Data items:
═══

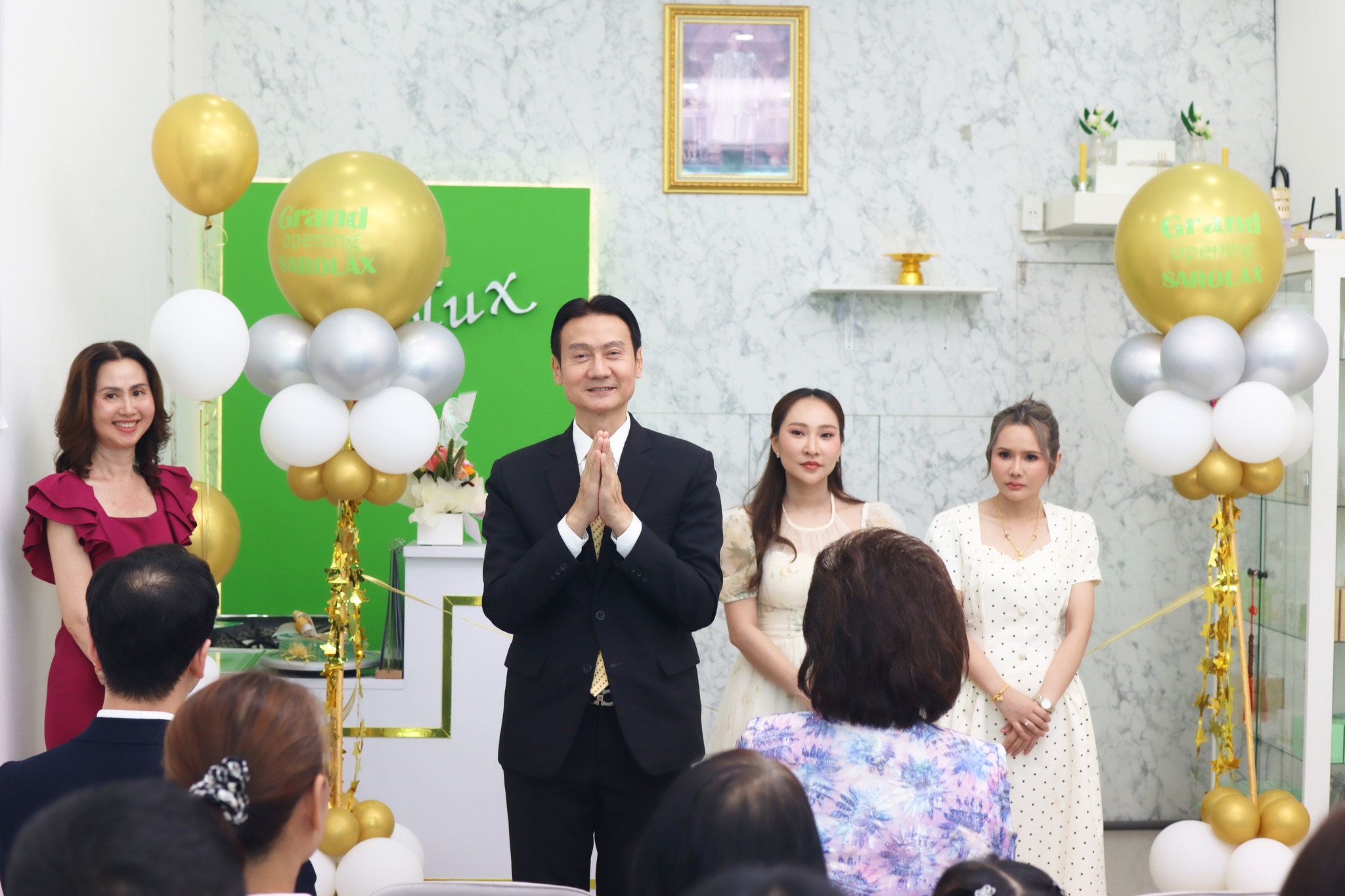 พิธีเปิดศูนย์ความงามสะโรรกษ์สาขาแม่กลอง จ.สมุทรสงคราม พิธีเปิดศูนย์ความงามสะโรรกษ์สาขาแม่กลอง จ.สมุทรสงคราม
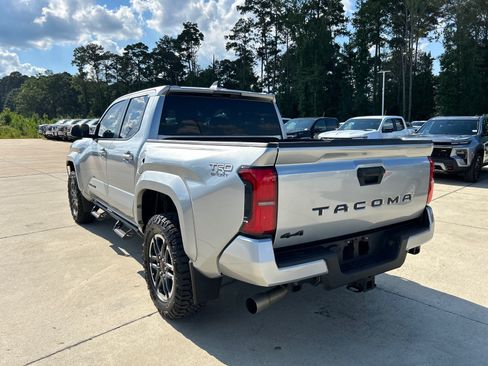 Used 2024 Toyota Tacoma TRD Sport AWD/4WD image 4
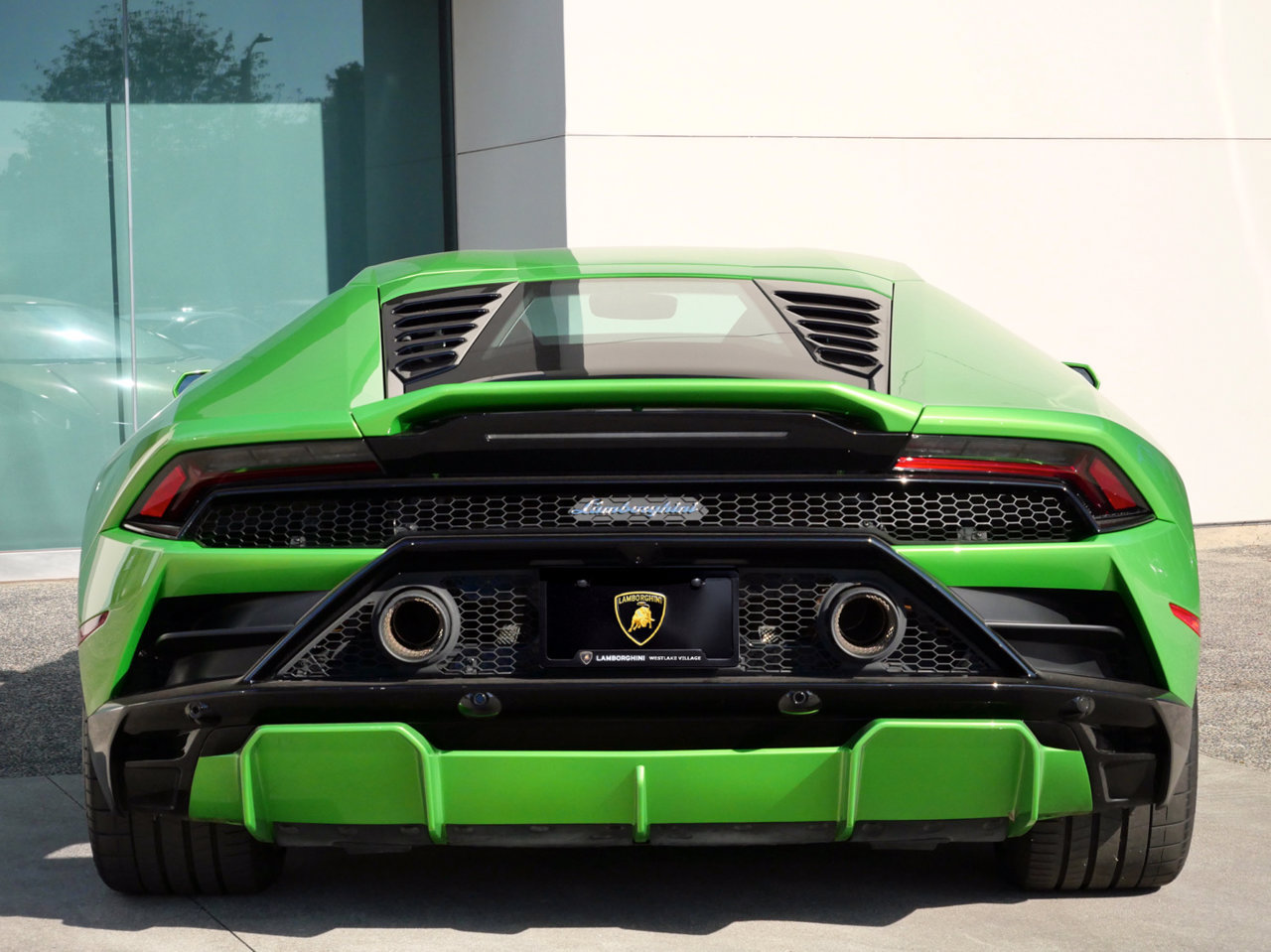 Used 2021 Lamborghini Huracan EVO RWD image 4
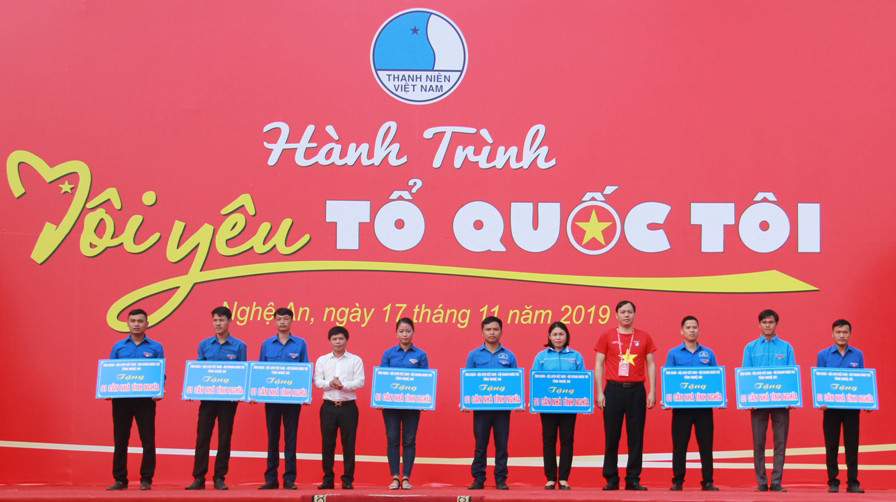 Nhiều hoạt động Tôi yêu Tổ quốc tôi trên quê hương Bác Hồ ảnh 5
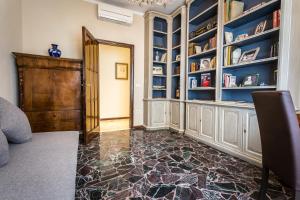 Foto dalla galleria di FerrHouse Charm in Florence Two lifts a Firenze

═══

> ASSIGNMENT:
Keep the pictures out and transcribe the entries exactly.

> OUTPUT FOR THIS EXERCISE:
 พิธีเปิดศูนย์ความงามสะโรรกษ์สาขาแม่กลอง จ.สมุทรสงคราม พิธีเปิดศูนย์ความงามสะโรรกษ์สาขาแม่กลอง จ.สมุทรสงคราม
 Used 2024 Toyota Tacoma TRD Sport AWD/4WD image 4
 Used 2021 Lamborghini Huracan EVO RWD image 4
 Nhiều hoạt động Tôi yêu Tổ quốc tôi trên quê hương Bác Hồ ảnh 5
 Foto dalla galleria di FerrHouse Charm in Florence Two lifts a Firenze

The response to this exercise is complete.